The official Argentine calendar has incorporated March 24 as a National Day of memory, truth and justice, in coincidence with the 30th anniversary of the military coup that inaugurated one of the bloodiest dictatorships the country has known in many decades.
The initiative from President Kirchner's administration was voted Thursday in Congress and is intended to become a day of reflection, recalling the toll of almost 30.000 Argentines disappeared during the 1976/83 iron fisted military regime.
Congressman Agustin Rossi one of the sponsors of the bill said that March 24th will be "fittingly" observed and will not be transferred to a Monday or Friday to make for long weekends.
On March 24, 1976 a military Junta with minimal resistance ousted caretaker President Isabel Peron who had succeeded her husband strongman Juan Domingo Peron when he died in July 1974.
The seven years military rule became famous for its notorious systematic termination of thousands of suspected left wing militants, human rights abuses and the South Atlantic conflict which ended in defeat and complete disaster.
However human rights activists were not enthusiastic about the initiative.

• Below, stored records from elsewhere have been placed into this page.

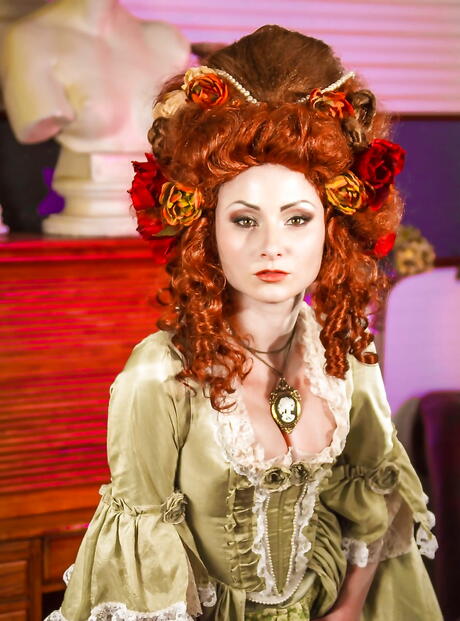 Sexy american red-haired wife Veruca James in cosplay clothing bares her ass and spreads her legs 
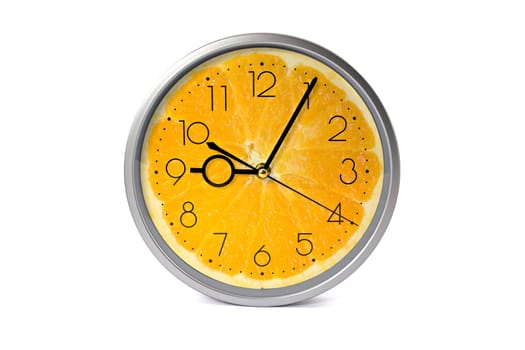 orange fruit clock isolated on white background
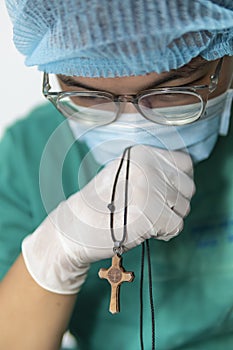 Tired praying doctor at the hospital. A doctor, a nurse who is thinking about treating a disease and a pandemic. Surgeon after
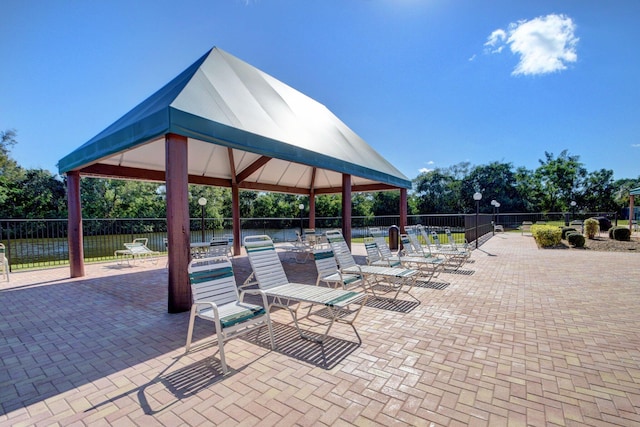 view of patio / terrace with a gazebo, a swimming pool, and fence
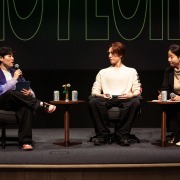 Three people sit in chairs onstage, with K-pop singer Yugyeom in the middle listening to a question from an interviewer to his right.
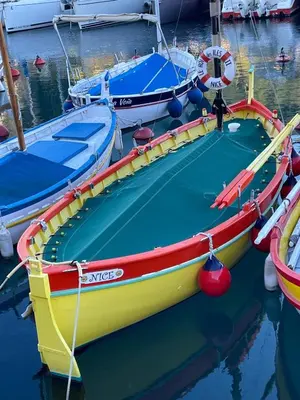 a yellow boat with a inflatable pool in the water at Mer à 5 minutes et vue splendide! in Nice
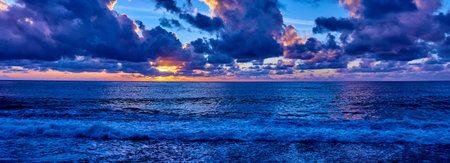 sunset over ocean. Sunset on the beach with beautiful sky. Dramatic sunsetの写真素材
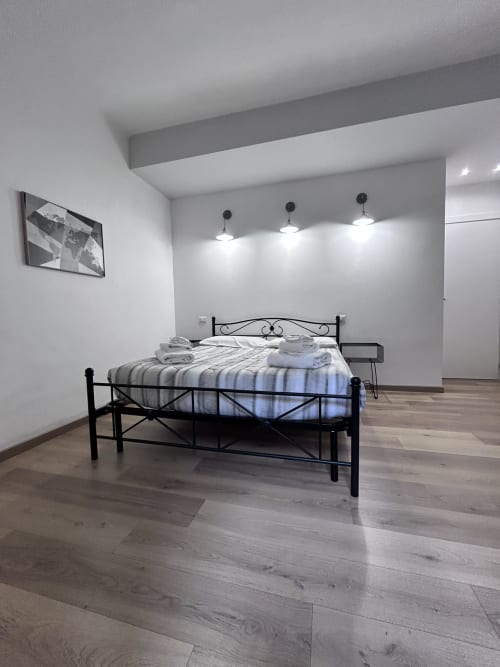Modern bedroom at Maison Vaticana Guest House Rome with black metal bed, striped mattress, wooden floors, and pendant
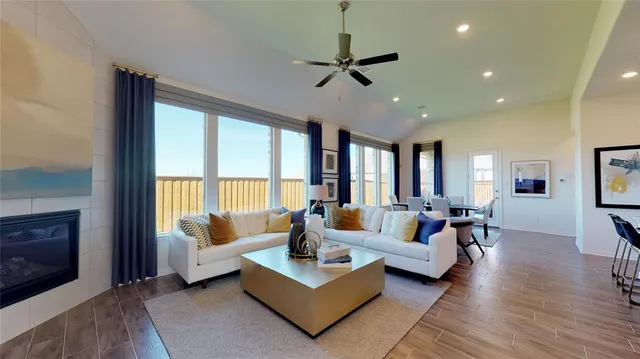 a living room with furniture and a large window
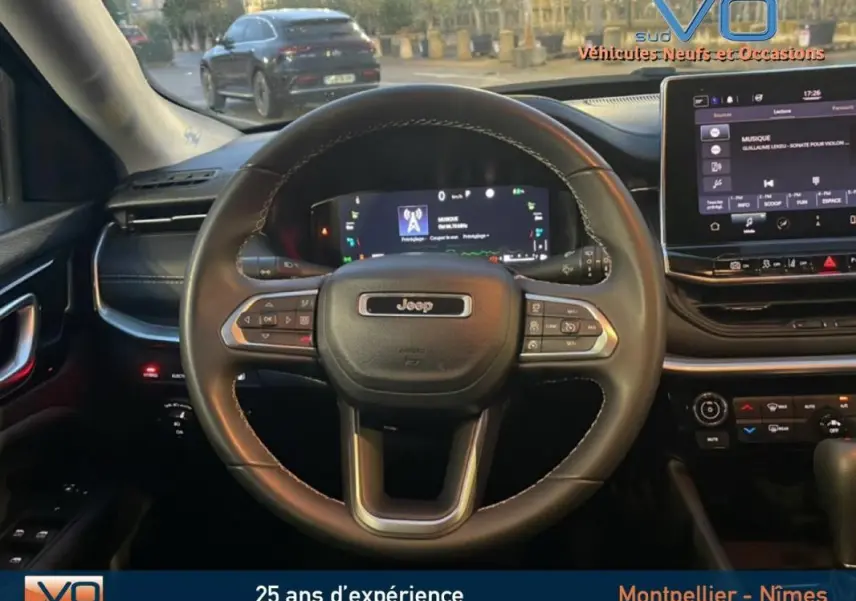 Vue intérieure centrée sur le volant Jeep noir avec tableau de bord numérique et écran tactile du Compass 2021.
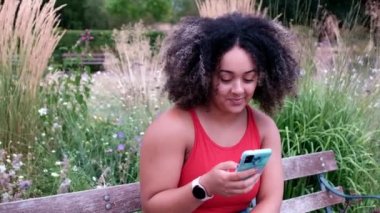 Kıvrımlı genç kadın parkta telefonunu kullanıyor. Mesaj atıyor, bankta oturuyor ve saçları kıvırcık..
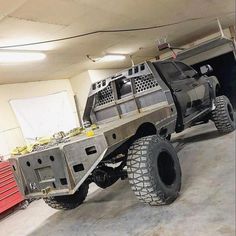 an off road vehicle is parked in a garage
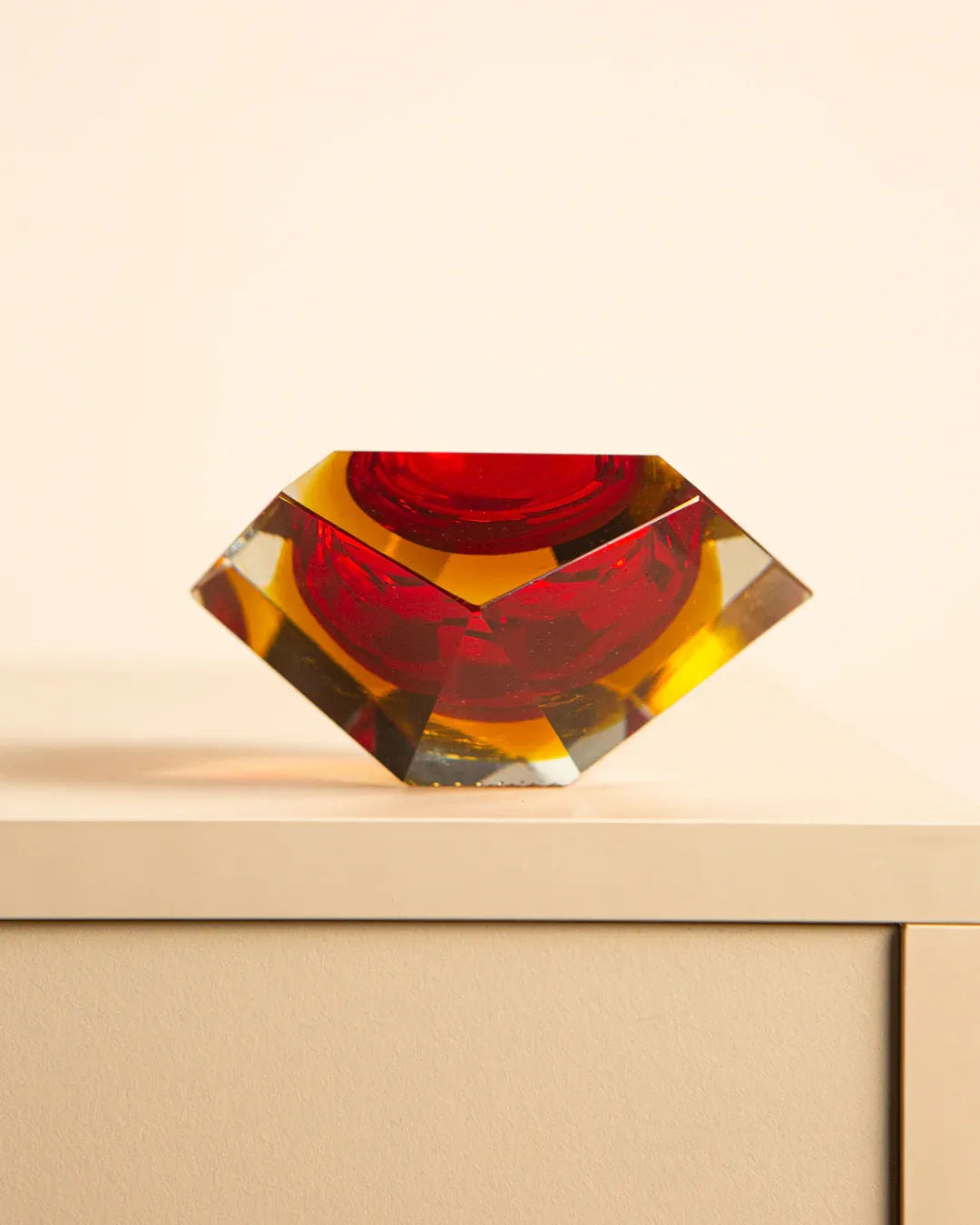 The Treaptyque 'Diamant' Ashtray Murano by Flavio Poli for Seguso 60’s features geometric glass with a red center and amber edges on a light surface, reflecting brilliantly to create a striking contrast against a plain background.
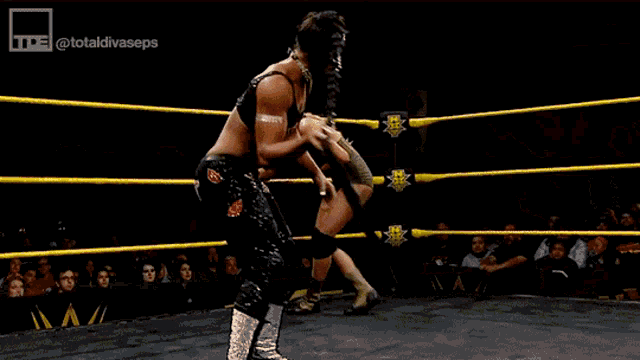 a man is wrestling another man in a wrestling ring with a crowd watching .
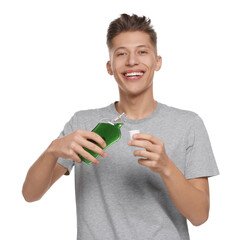 Canvas Print - Young man with mouthwash on white background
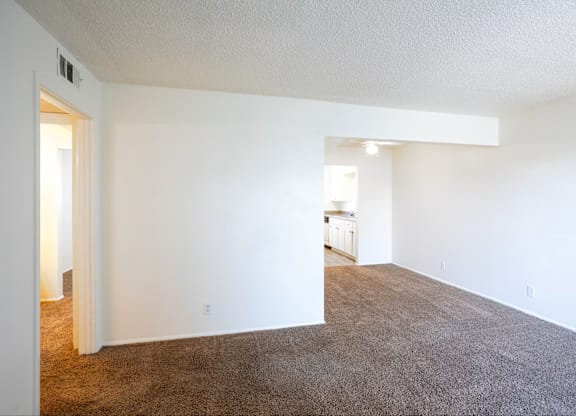 A large, empty room with carpeted flooring and white walls.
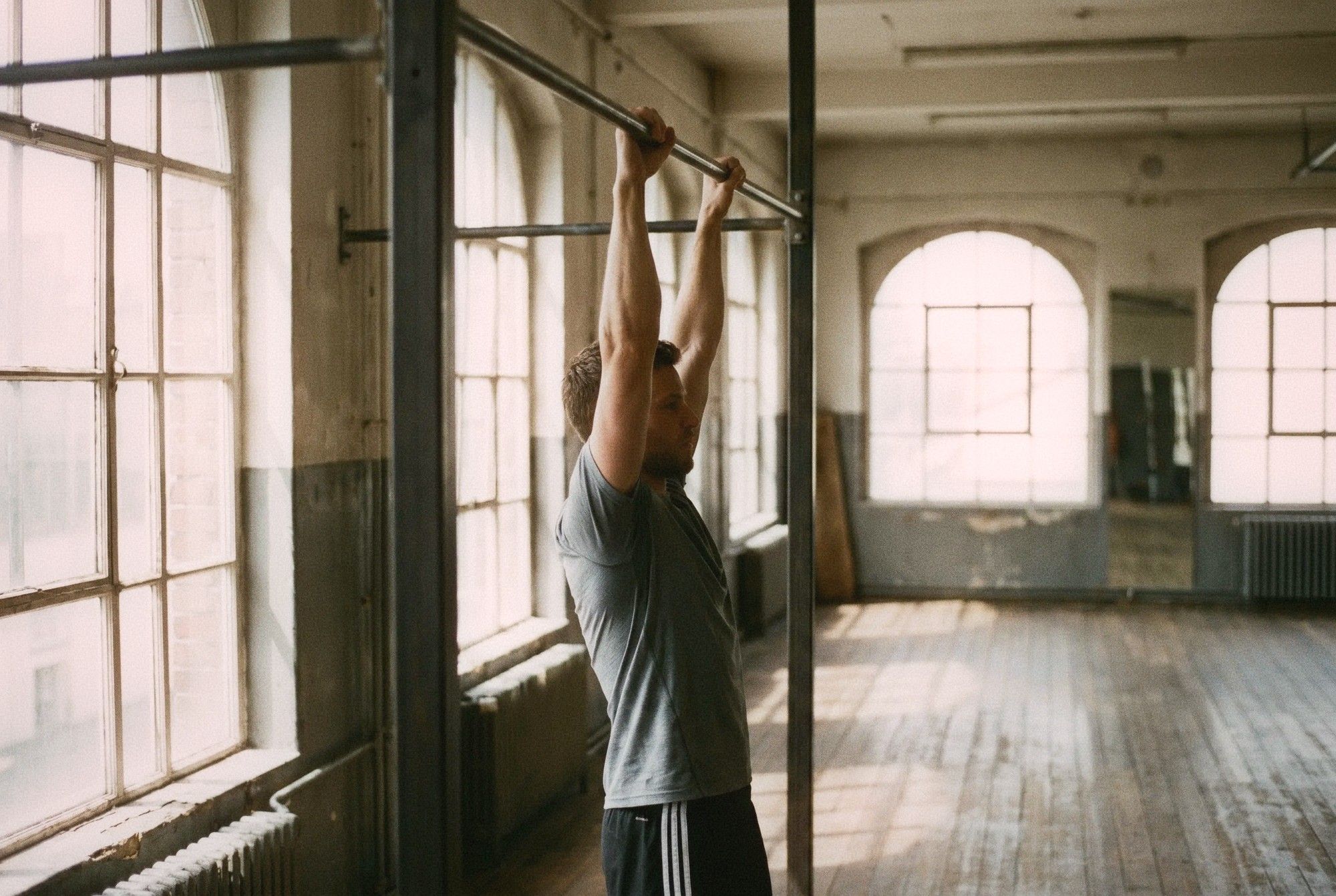 Man doing a dead hang from a pull-up bar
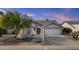 Charming single-story home features a well-maintained yard and inviting front porch at 9826 W Tonto Ln, Peoria, AZ 85382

Adolfo Perez Esquivel, who won the 1980 Nobel Peace Prize for his resistance to the military regime argued that "days off usually are to celebrate and on March 24th there's nothing to celebrate, much on the contrary".
He also pointed out that this year the coup's 30th anniversary is on a Friday.
"This date should not have its meaning altered. It can't be reduced to just a long weekend" stressed the human rights group Memory, Truth and Justice.
The Mothers of Plaza de Mayo supported the idea of incorporating March 24th to the calendar as national holiday, as long as it's commemorated on that date and not moved for long weekends. "It's a day of memory and reflection".
Argentina's Human Rights Secretary Eduardo Luis Duhalde said commemoration of March 24 is intended "to become a day of memory for Argentines, reflecting on what happened during those long dark dictatorial nights".